DATA FOR THIS EXERCISE –

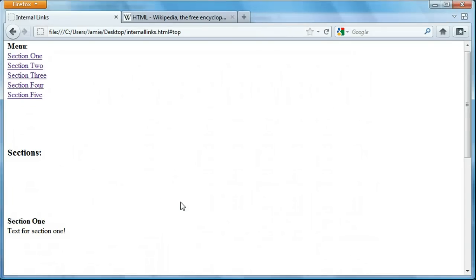Hey everyone, Jamie here from technicalcafe.com. Welcome to your seventh HTML tutorial. In the last tutorial we learned how to add external hyperlinks to our web pages and websites. By external hyperlink I mean a link that takes you from one website or web page to another, and you can also use them to take you from pages within a website — for example, taking you from your website to google.com or yahoo.com.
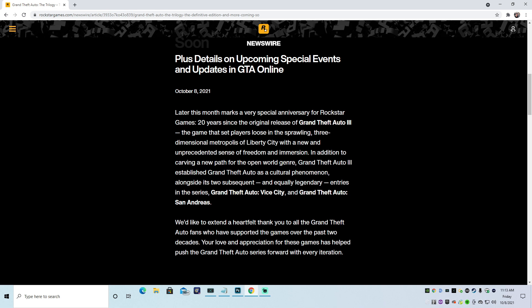Alright, so we got 20 years. 20 years of milking the Grand Theft Auto franchise. Awesome. So we got an anniversary coming up for Grand Theft Auto 3, the game that set players loose in the sprawling three-dimensional metropolis of Liberty City.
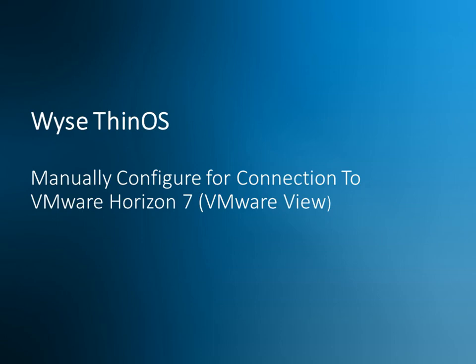Hello, this is a short five-minute training video designed to demonstrate how to locally configure a Delphin client running WyzeThin OS to connect to a VMware Horizon 7 Vue Desktop Pool.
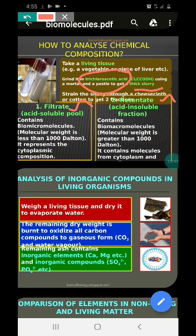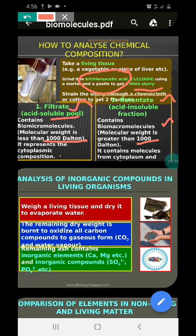When the filtrate is analyzed for biomolecules, we get many kinds of macromolecules. The acid-soluble pool contains molecules whose molecular weight is less than 1000 daltons — only those will dissolve in trichloroacetic acid and pass through the cheesecloth. In this filtrate you get hundreds of bio-micromolecules. The retinate contains substances with molecular weight greater than 1000 daltons, representing the cytoplasmic composition — molecules from the cytoplasm, nucleus, and other contents.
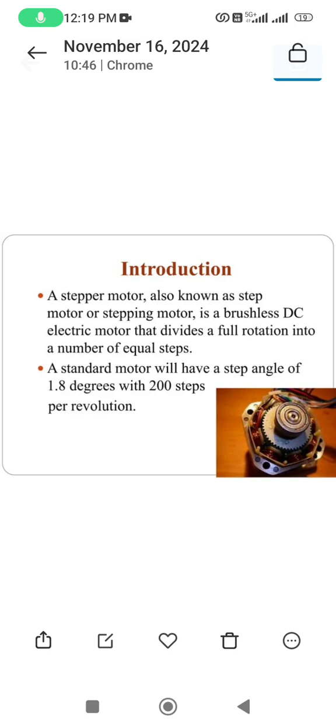Introduction: a stepper motor, also known as a step motor or stepping motor, is a brushless DC electric motor that divides a full rotation into a number of equal steps. Brushes are normally used inside motors to collect current, but here brushes are not necessary, which reduces the size of the motor. A standard motor will have a step angle of 1.8 degrees with 200 steps per revolution.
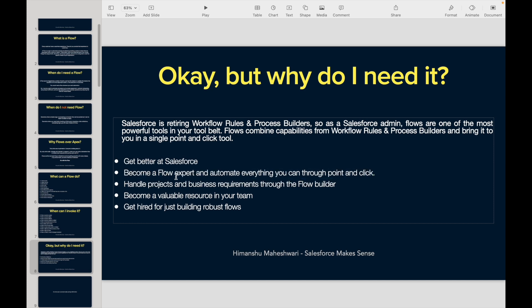If you want to handle projects and business requirements through flow builder, yes, that can be done. A typical sales pipeline involving leads, accounts, contacts, opportunities, and tasks — your entire automation can be handled through flow builder. Same for a service cloud project with cases, contacts, tasks, escalations, case assignments, and follow-up automation. For a small to medium-sized business, I'd say 80 to 90 percent can be covered by flow builder.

WHAT NEEDS TO BE DONE – Include the first line of the records, the line containing "Hello, this is", and every line between them, repeated exactly. Skip the pictures.

THE ANSWER –
Hey everyone, Jamie here from technicalcafe.com. Welcome to your seventh HTML tutorial. In the last tutorial we learned how to add external hyperlinks to our web pages and websites. By external hyperlink I mean a link that takes you from one website or web page to another, and you can also use them to take you from pages within a website — for example, taking you from your website to google.com or yahoo.com.
Alright, so we got 20 years. 20 years of milking the Grand Theft Auto franchise. Awesome. So we got an anniversary coming up for Grand Theft Auto 3, the game that set players loose in the sprawling three-dimensional metropolis of Liberty City.
Hello, this is a short five-minute training video designed to demonstrate how to locally configure a Delphin client running WyzeThin OS to connect to a VMware Horizon 7 Vue Desktop Pool.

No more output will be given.